=== WHAT NEEDS TO BE DONE ===
Look below for the line with "Orthodontic Treatment for", and from there restate every line word for word until the entries end.

=== EXERCISE DATA ===

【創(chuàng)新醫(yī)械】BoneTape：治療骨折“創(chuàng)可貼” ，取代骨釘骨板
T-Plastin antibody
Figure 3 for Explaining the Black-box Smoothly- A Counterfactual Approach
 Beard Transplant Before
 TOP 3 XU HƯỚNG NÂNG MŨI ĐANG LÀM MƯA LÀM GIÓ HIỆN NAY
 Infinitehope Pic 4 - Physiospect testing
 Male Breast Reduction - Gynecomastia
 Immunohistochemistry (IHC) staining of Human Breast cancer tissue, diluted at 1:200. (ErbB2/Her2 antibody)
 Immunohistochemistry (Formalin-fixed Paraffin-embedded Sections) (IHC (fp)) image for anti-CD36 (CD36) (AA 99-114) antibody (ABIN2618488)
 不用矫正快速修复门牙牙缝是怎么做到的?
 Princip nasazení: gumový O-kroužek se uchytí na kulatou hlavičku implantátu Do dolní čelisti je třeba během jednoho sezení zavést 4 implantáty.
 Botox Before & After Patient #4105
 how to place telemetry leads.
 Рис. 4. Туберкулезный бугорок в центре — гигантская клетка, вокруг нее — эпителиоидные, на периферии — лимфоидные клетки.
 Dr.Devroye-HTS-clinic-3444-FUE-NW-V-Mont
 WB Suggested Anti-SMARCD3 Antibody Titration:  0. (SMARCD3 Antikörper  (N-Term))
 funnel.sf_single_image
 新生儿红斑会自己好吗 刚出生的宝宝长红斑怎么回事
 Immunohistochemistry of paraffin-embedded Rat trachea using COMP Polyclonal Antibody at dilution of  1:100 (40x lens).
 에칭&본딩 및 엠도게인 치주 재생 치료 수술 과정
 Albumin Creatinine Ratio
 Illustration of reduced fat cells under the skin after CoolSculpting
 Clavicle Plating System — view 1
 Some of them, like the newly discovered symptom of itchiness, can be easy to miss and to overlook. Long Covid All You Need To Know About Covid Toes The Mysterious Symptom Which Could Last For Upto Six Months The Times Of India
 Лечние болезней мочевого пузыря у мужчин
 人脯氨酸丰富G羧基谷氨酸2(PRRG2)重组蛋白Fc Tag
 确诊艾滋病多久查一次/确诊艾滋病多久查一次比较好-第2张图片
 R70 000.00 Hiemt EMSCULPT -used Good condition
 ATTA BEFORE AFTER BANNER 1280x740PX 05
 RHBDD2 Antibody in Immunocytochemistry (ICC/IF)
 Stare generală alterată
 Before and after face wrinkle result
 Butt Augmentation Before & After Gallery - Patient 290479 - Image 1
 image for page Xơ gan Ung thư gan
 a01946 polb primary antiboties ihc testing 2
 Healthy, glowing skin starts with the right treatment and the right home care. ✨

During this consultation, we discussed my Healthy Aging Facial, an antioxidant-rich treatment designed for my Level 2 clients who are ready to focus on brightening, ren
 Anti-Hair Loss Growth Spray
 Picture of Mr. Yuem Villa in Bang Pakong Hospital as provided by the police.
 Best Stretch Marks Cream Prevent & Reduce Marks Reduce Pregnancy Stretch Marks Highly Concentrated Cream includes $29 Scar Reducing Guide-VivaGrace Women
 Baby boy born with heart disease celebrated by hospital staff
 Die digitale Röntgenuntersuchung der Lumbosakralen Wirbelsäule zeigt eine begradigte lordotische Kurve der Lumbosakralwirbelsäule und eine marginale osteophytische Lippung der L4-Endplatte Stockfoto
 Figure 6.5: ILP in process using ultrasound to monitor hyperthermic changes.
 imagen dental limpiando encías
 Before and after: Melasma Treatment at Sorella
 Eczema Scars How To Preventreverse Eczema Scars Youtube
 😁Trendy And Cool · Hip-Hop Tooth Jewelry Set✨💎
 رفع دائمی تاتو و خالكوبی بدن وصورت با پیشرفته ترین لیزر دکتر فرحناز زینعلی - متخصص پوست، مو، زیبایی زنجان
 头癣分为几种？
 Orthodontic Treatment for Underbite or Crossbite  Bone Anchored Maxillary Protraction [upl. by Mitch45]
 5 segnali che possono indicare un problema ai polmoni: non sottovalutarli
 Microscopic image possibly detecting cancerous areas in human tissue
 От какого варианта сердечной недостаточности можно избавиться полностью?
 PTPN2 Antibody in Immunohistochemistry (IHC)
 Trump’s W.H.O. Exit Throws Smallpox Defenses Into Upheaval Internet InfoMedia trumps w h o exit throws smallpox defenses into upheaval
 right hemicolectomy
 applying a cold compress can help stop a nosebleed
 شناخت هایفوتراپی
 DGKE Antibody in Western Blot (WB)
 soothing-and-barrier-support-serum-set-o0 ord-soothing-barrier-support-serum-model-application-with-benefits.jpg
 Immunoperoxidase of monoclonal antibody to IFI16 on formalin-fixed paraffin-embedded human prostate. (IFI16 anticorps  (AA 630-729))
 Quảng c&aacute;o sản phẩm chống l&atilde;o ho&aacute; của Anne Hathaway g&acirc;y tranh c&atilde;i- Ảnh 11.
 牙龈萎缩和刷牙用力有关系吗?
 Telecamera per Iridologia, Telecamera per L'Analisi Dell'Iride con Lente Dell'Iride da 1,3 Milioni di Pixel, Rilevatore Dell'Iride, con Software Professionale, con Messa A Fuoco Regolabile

=== EXERCISE SOLUTION ===
 Orthodontic Treatment for Underbite or Crossbite  Bone Anchored Maxillary Protraction [upl. by Mitch45]
 5 segnali che possono indicare un problema ai polmoni: non sottovalutarli
 Microscopic image possibly detecting cancerous areas in human tissue
 От какого варианта сердечной недостаточности можно избавиться полностью?
 PTPN2 Antibody in Immunohistochemistry (IHC)
 Trump’s W.H.O. Exit Throws Smallpox Defenses Into Upheaval Internet InfoMedia trumps w h o exit throws smallpox defenses into upheaval
 right hemicolectomy
 applying a cold compress can help stop a nosebleed
 شناخت هایفوتراپی
 DGKE Antibody in Western Blot (WB)
 soothing-and-barrier-support-serum-set-o0 ord-soothing-barrier-support-serum-model-application-with-benefits.jpg
 Immunoperoxidase of monoclonal antibody to IFI16 on formalin-fixed paraffin-embedded human prostate. (IFI16 anticorps  (AA 630-729))
 Quảng c&aacute;o sản phẩm chống l&atilde;o ho&aacute; của Anne Hathaway g&acirc;y tranh c&atilde;i- Ảnh 11.
 牙龈萎缩和刷牙用力有关系吗?
 Telecamera per Iridologia, Telecamera per L'Analisi Dell'Iride con Lente Dell'Iride da 1,3 Milioni di Pixel, Rilevatore Dell'Iride, con Software Professionale, con Messa A Fuoco Regolabile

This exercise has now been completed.